* EXERCISE DESCRIPTION
Give again, word for word, the lines below that run from the line with "Участок 20 сот. (СНТ, ДНП) - Фото 1" through the line with "How To Strengthen". Drop the pictures.

* MATERIALS PROVIDED
┄┄┄┄┄┄┄┄┄┄
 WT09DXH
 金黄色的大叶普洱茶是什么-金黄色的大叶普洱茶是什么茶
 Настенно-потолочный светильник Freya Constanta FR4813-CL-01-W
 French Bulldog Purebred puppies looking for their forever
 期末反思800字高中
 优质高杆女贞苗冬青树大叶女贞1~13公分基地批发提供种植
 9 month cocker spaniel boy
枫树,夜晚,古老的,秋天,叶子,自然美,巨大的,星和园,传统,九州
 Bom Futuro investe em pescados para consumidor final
┄┄┄┄┄┄┄┄┄┄
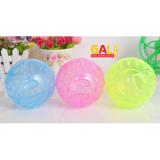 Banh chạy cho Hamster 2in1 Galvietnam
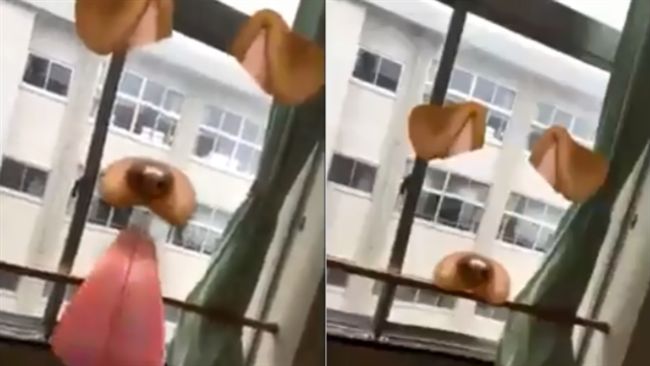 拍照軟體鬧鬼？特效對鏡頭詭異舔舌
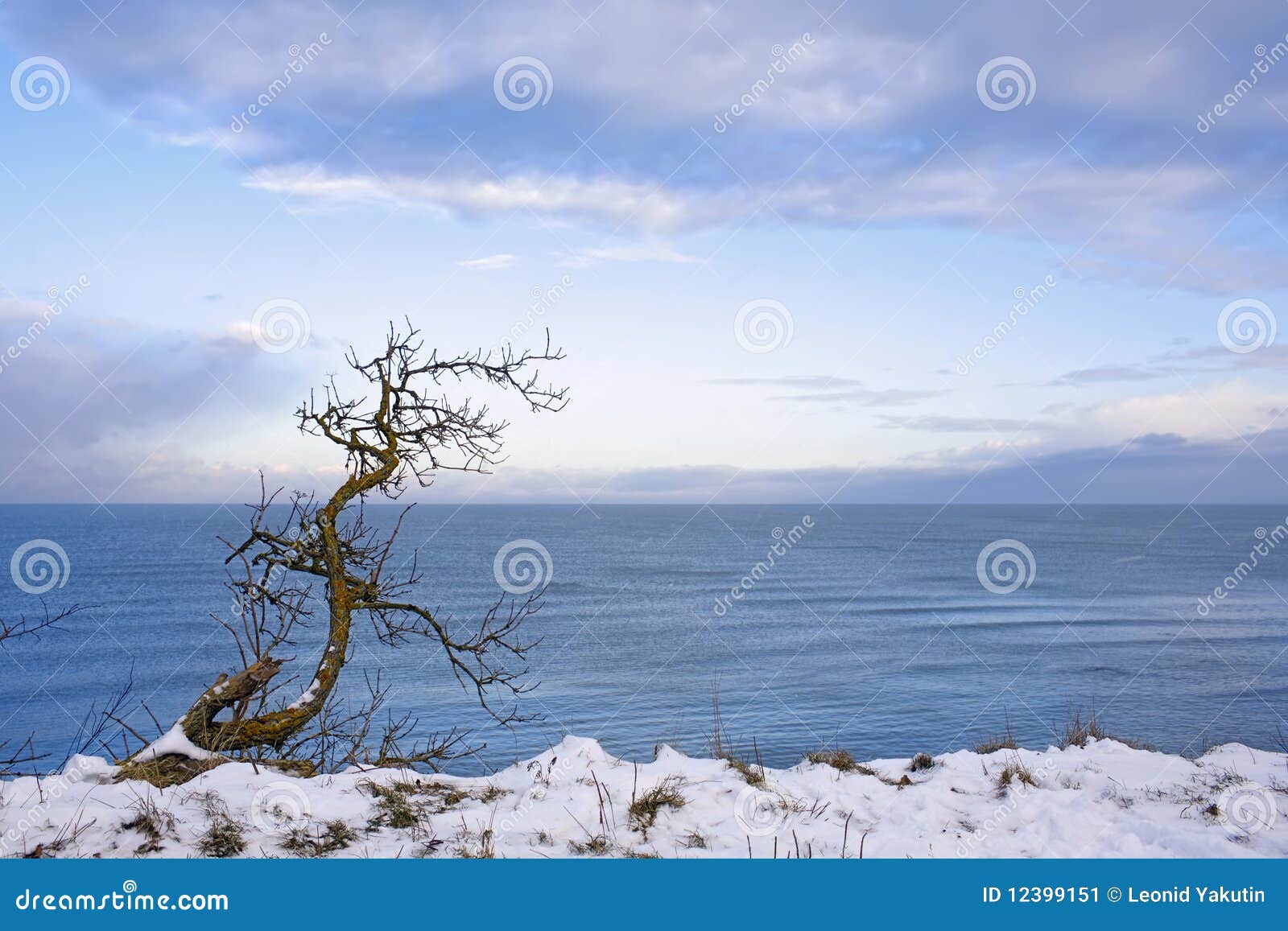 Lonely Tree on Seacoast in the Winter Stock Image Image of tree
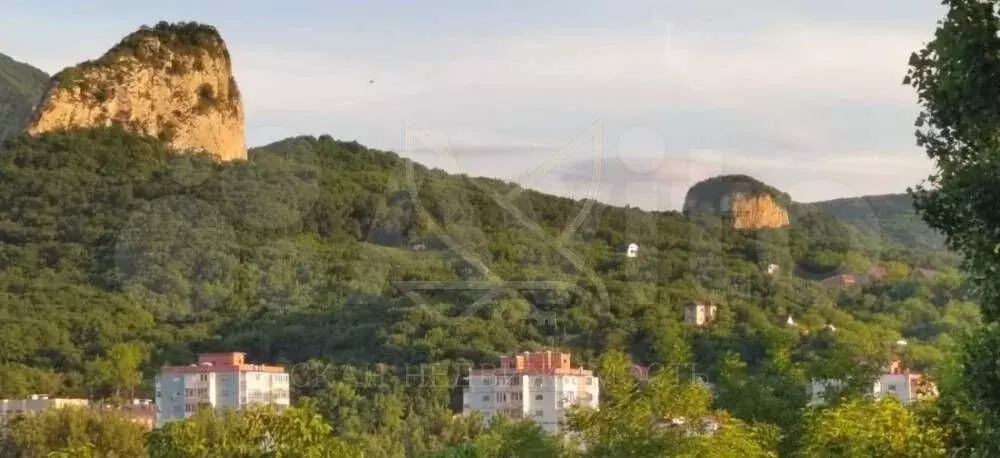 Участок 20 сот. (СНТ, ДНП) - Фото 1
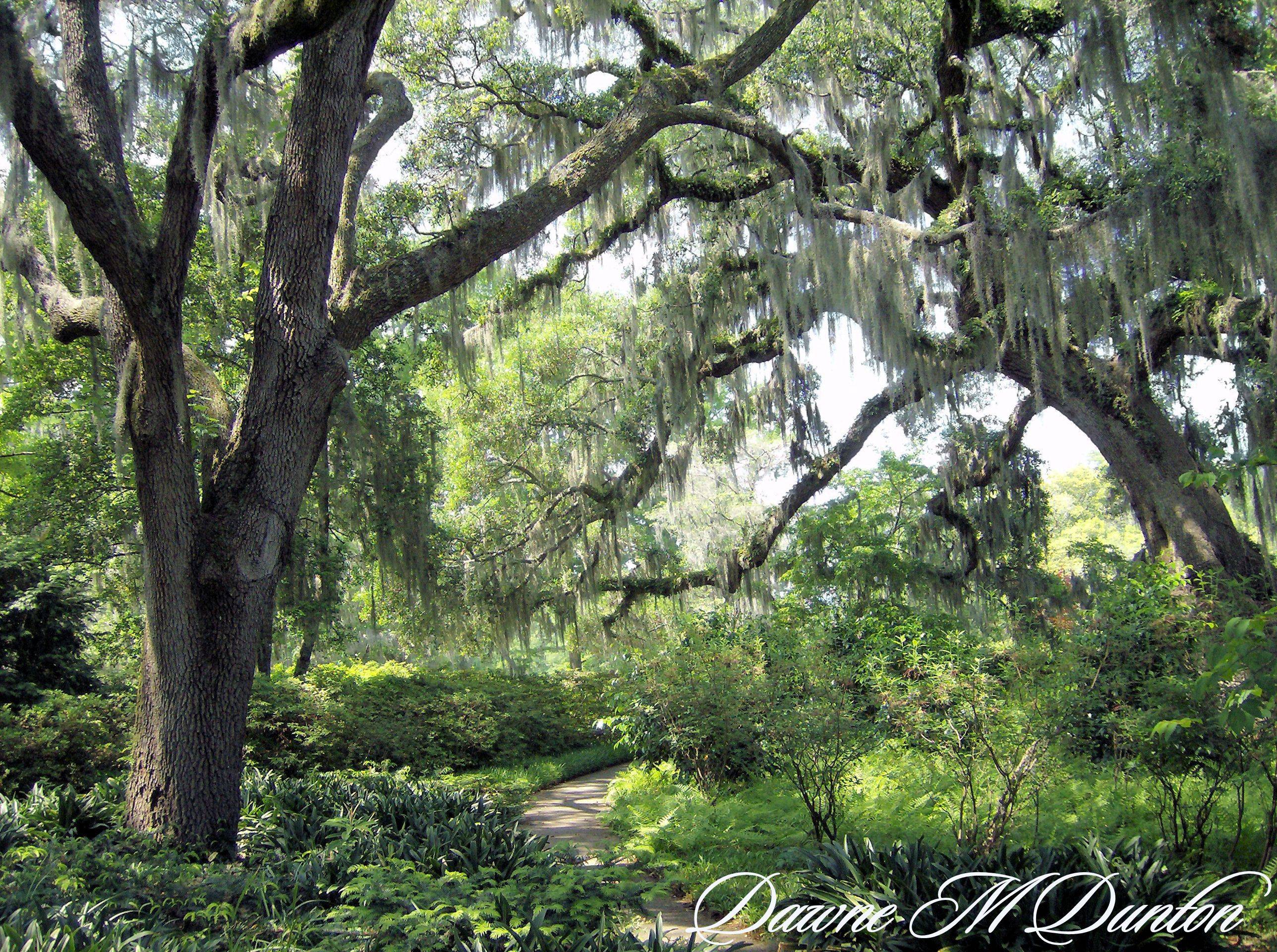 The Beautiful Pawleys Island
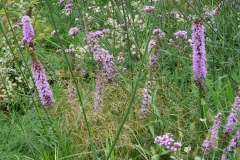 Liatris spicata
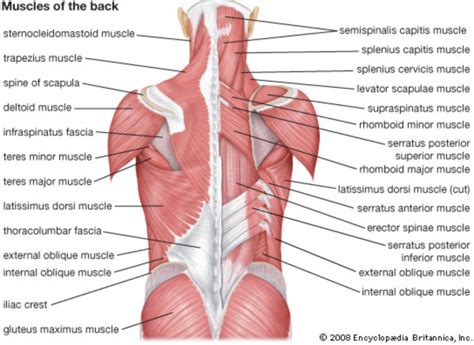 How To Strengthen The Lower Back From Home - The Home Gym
┄┄┄┄┄┄┄┄┄┄
* TASK ANSWER
 Участок 20 сот. (СНТ, ДНП) - Фото 1
 The Beautiful Pawleys Island
 Liatris spicata
 How To Strengthen The Lower Back From Home - The Home Gym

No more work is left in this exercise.